Central Bank Governor Alvin Hilaire expects a further weakening of foreign exchange reserves by the end of the year before things begin to pick up.
Responding to questions from reporters at the presentation of the Monetary Policy Report, the Central Bank Governor said while improvement in the current foreign exchange situation is likely next year, it is dependent on activity within the energy sector.
“With the current state of oil markets we could have a further decline in reserves towards the end of this year and especially if we have to increase intervention because of the season of Christmas.
So I would say in the next few months that we would have a further slippage in reserves; I think it is still high and comfortable.
Over the next period it would depend clearly on what happens with energy prices, energy production and demand. But in the short run I would expect that it would slip slightly again.”
He said, however, while reserves have been depleted from over 12 months to nine months import cover, the situation is not dire as by global standards T&T is considered a high reserves country with a low level of debt.
Restating a point raised in the presentation of the last Monetary Policy Report in June, Hilaire said coordinated policy is required to bring about a change in the availability of foreign exchange.
Noting a recent report from the International Monetary Fund (IMF) which recommended a significant exchange rate adjustment, Hilaire acknowledged that the arguments put forward for changing the exchange rate do have merit.
He stressed that any regime could work if there are conditions supportive of them.

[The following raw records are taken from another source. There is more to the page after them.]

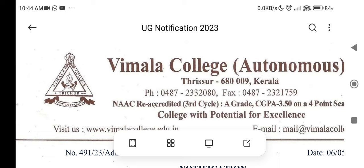Adios, Vimala College, Thrissur. In 2023, Vimala College is open to UG and PG applications. You can apply through the college website. This college is autonomous and affiliated with a university.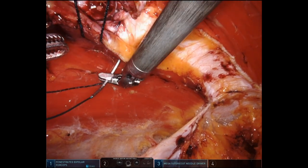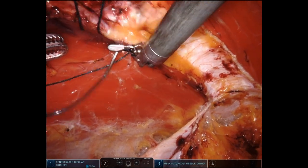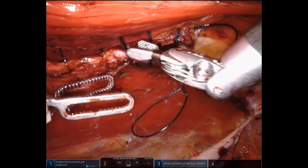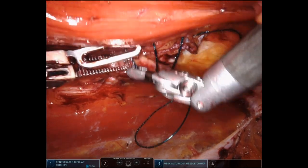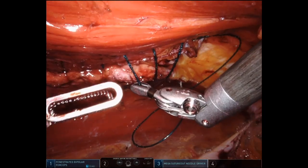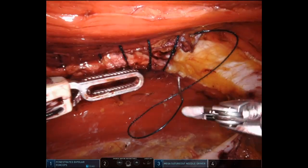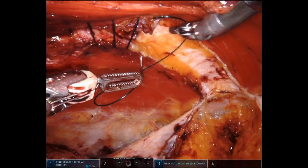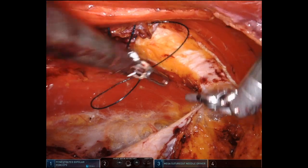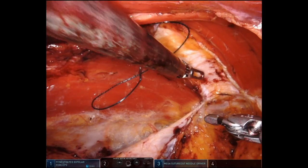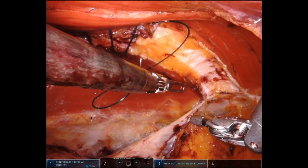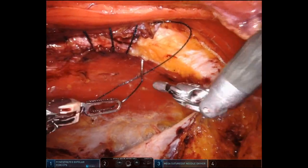I'm also going to have to proceed very slowly and fumble with the needle. My left hand — the fenestrated bipolar — is coming in at a very good angle. It's tangential, not perpendicular to the tissue.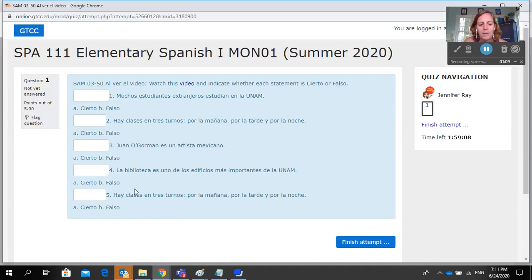When you're done, just hit Finish Attempt. And that's how you would do SAM 3-50.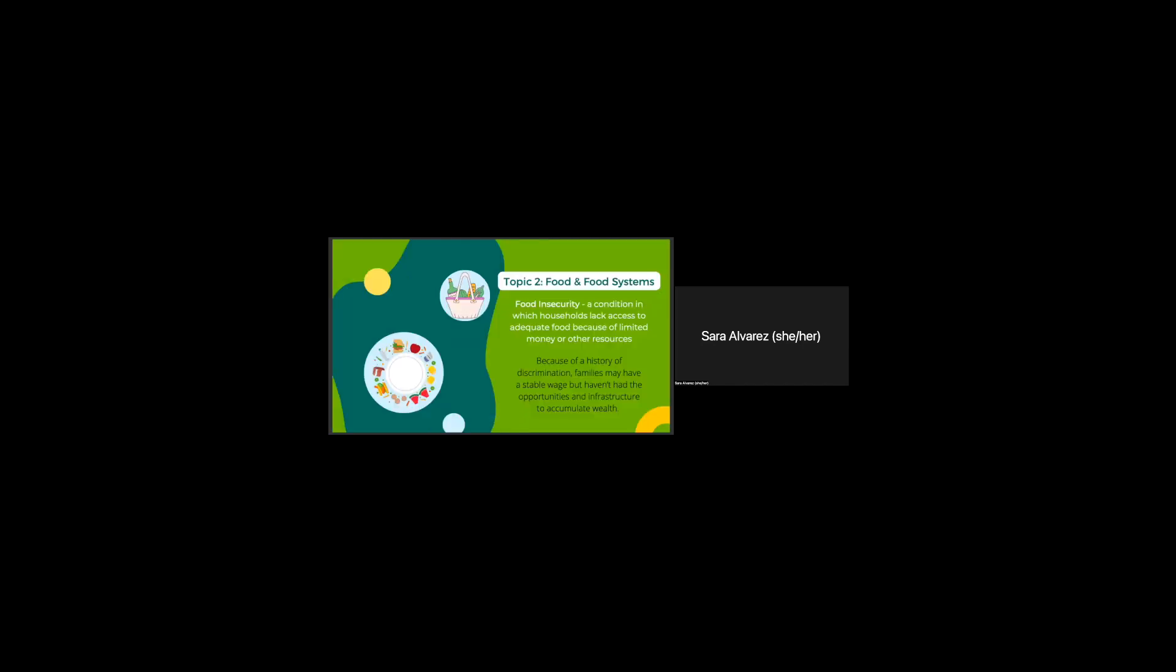My second topic is food and food systems. So food insecurity is a term that basically means a condition in which households lack access to adequate food because of limited money or other resources. And because of a history of discrimination, families may have a stable wage, but since they haven't had the opportunities and infrastructure to accumulate wealth, they may suffer from food insecurity.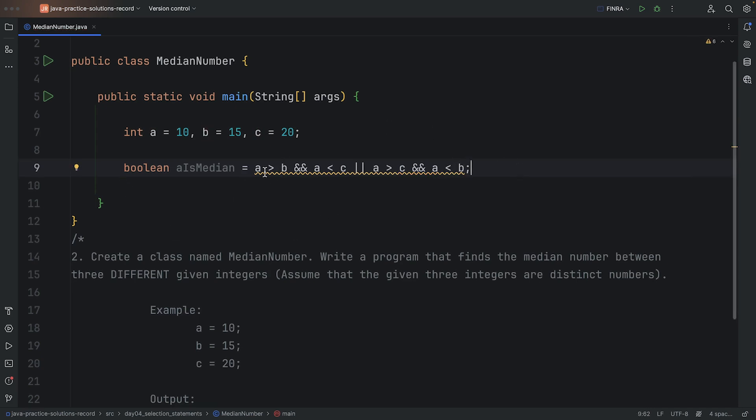What if A is in the middle by being bigger than C but less than B? So all of these conditions put together makes sure that A is in the middle.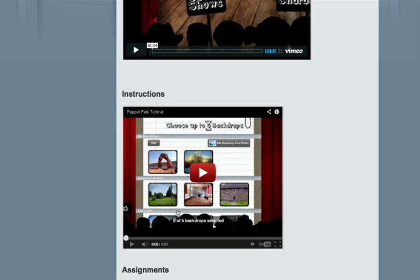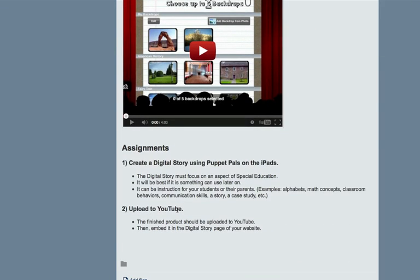It is very easy, you will have a lot of fun doing it, and I think the learning will come in the process of you creating them. Creating this animation, you learn from that process. Your assignment is very simple — it is to create a digital story using Puppet Pals.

A fixed exchange regime – completely fixed like Barbados and a completely flexible rate like the US where the rate equilibrates the market, Hilaire said, would work once fiscal, structural and monetary policies are closely coordinated.
He noted benefit in another type of exchange regime - a crawling peg – where the country adopts a rate that automatically changes based on certain indicators. One that may commonly be used is the differential between the domestic inflation rate and the foreign inflation rate, Hilaire said.
While any regime could work, the Central Bank Governor, said it also needs to be offset by credibility, as people have to believe in its sustainability.